■ What needs to be done:
What you should give back is every line from the one containing "شیر روشویی اوج مدل دنیل پایه بلند" through the last line of the records below, word for word and without pictures.

(Beginning of Input)

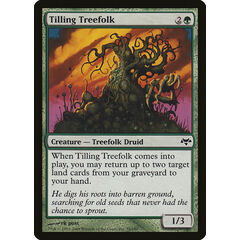 Tilling Treefolk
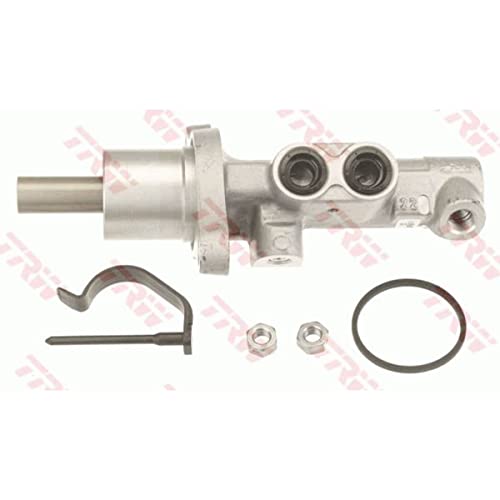 TRW POMPA HAMULCOWA PMH961 CITROEN C8 2.0 16V 140KM 05- 2.0HDI 107KM 02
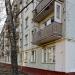 Снесенный жилой дом (ул. Лобачевского, 64) в городе Москва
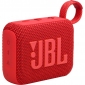 Портативна акустика JBL Go 5 (JBLGO5RED) Red - фото 3 - інтернет-магазин електроніки та побутової техніки TTT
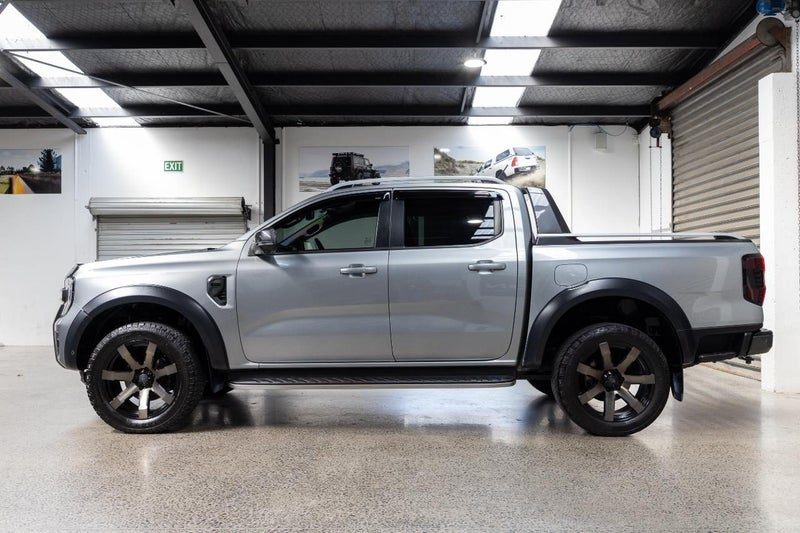 2022 Ford Ranger WILDTRAK 2.0D/4WD, photo 3
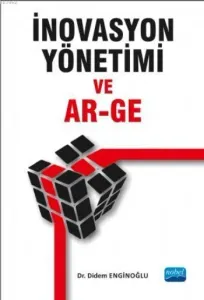 İnovasyon Yönetimi ve Ar-Ge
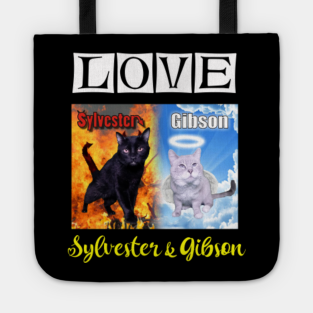 Talking Kitty Cat Youtube Totes Teepublic Au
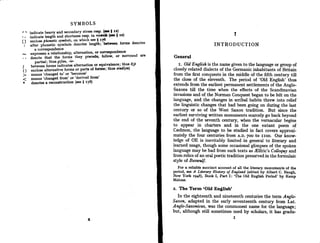 An old english grammar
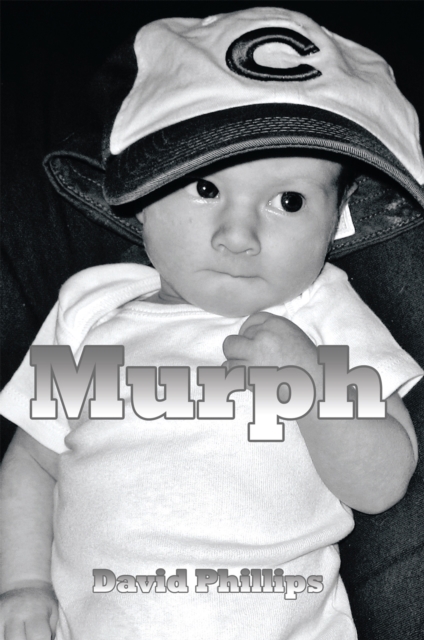 Book Cover for Murph by David Phillips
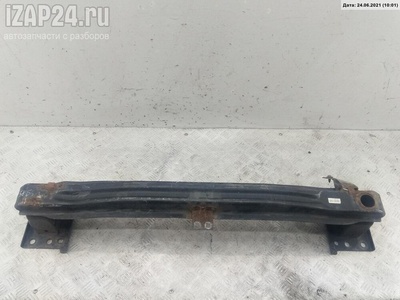5N0807109B Усилитель бампера переднего Volkswagen Tiguan 2008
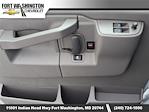 New 2025 Chevrolet Express 2500 Upfitted Cargo Van for sale #259296 - photo 3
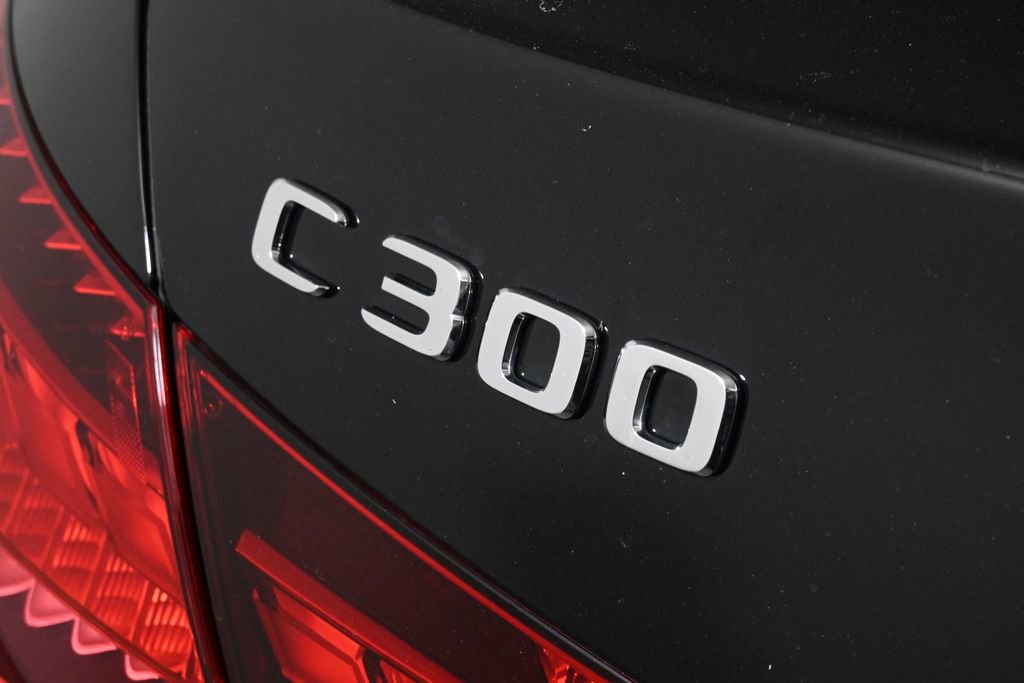 Certified 2026 Mercedes-Benz C 300 4MATIC Sedan image 35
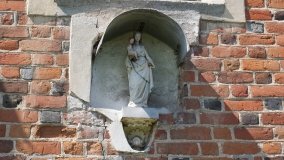 Kościół w Żernikach z wieloma sekretami - zdjęcie 10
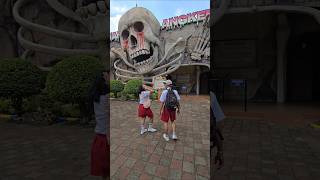 Download lagu kk ade berani masuk rumah hantu angker gays #trandingshorts mp3 Download lagu kk ade berani masuk rumah hantu angker gays #trandingshorts mp3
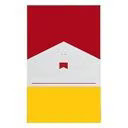 M@__RL B.OR O RED SELECTION MAÇO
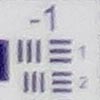 Tele : Noticeable blurring, upper right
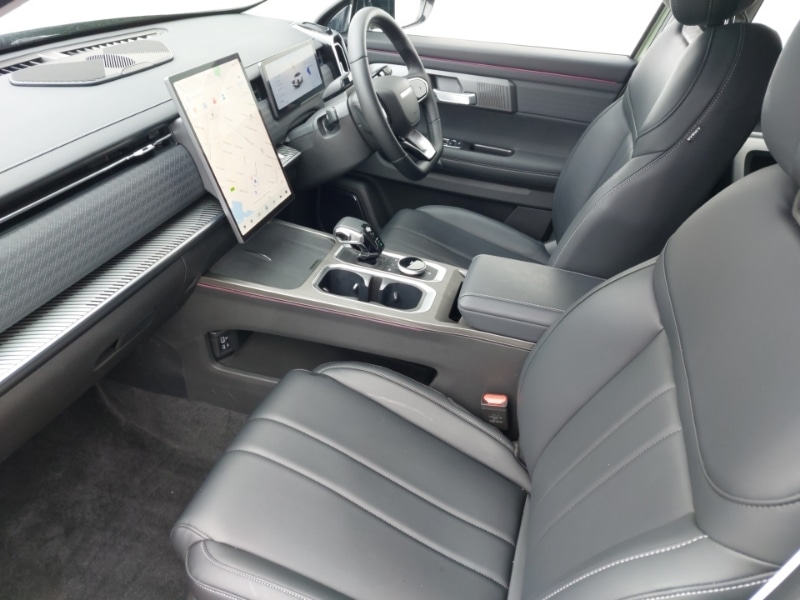 Used Jaecoo Jaecoo 7 2025 for sale - 77752122: Photo 5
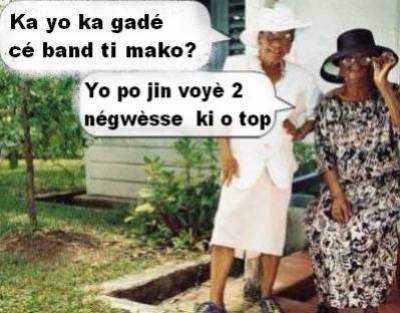 alow la les mami son des starlette ,lol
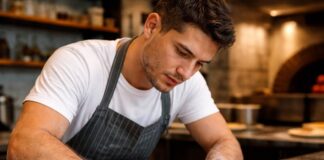 SE SOLICITA PIZZERO PARA PREPARACIÓN DE MASAS ARTESANALES EN RESTAURANTE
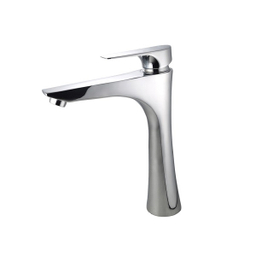 شیر روشویی اوج مدل دنیل پایه بلند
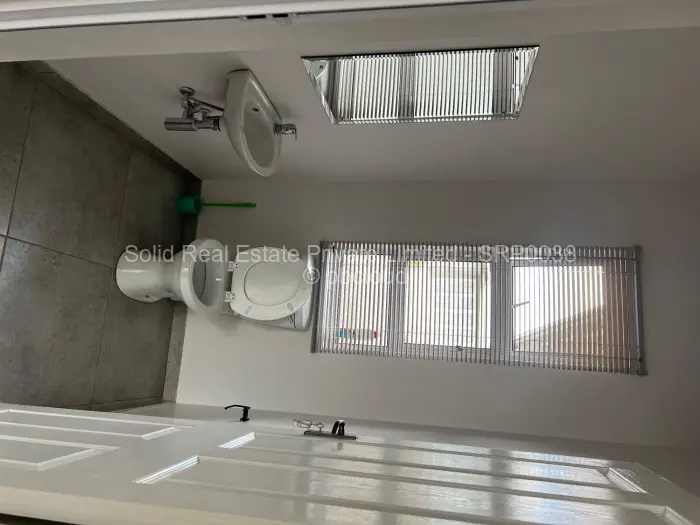 Townhouse/Complex/Cluster to Rent in Chisipite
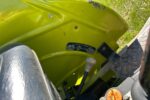 Tractor de jardín Yanmar 240D 4WD - Imagen 25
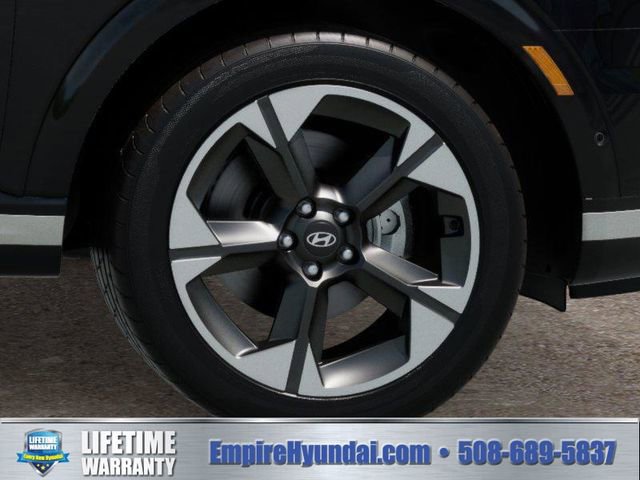 New 2026 Hyundai Palisade Limited image 8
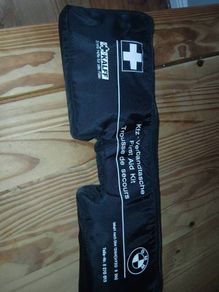 bmw first aid kit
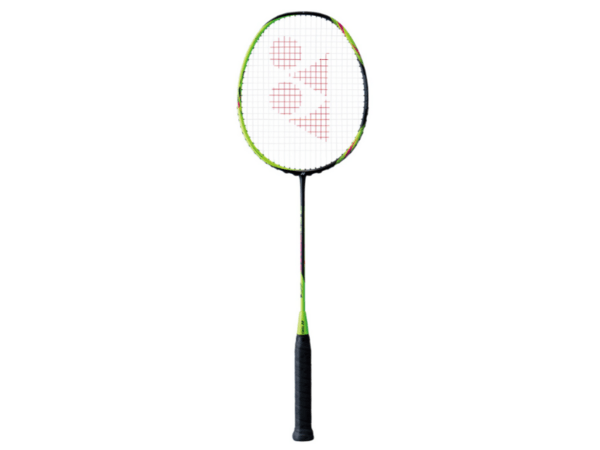 Yonex Astrox 6 Badminton Racket (Black/Lime) - Gotto Sports Belfast -be73-yonex-astrox-6-badminton-racket-black-lime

(End of Input)

■ The answer:
 شیر روشویی اوج مدل دنیل پایه بلند
 Townhouse/Complex/Cluster to Rent in Chisipite
 Tractor de jardín Yanmar 240D 4WD - Imagen 25
 New 2026 Hyundai Palisade Limited image 8
 bmw first aid kit
 Yonex Astrox 6 Badminton Racket (Black/Lime) - Gotto Sports Belfast -be73-yonex-astrox-6-badminton-racket-black-lime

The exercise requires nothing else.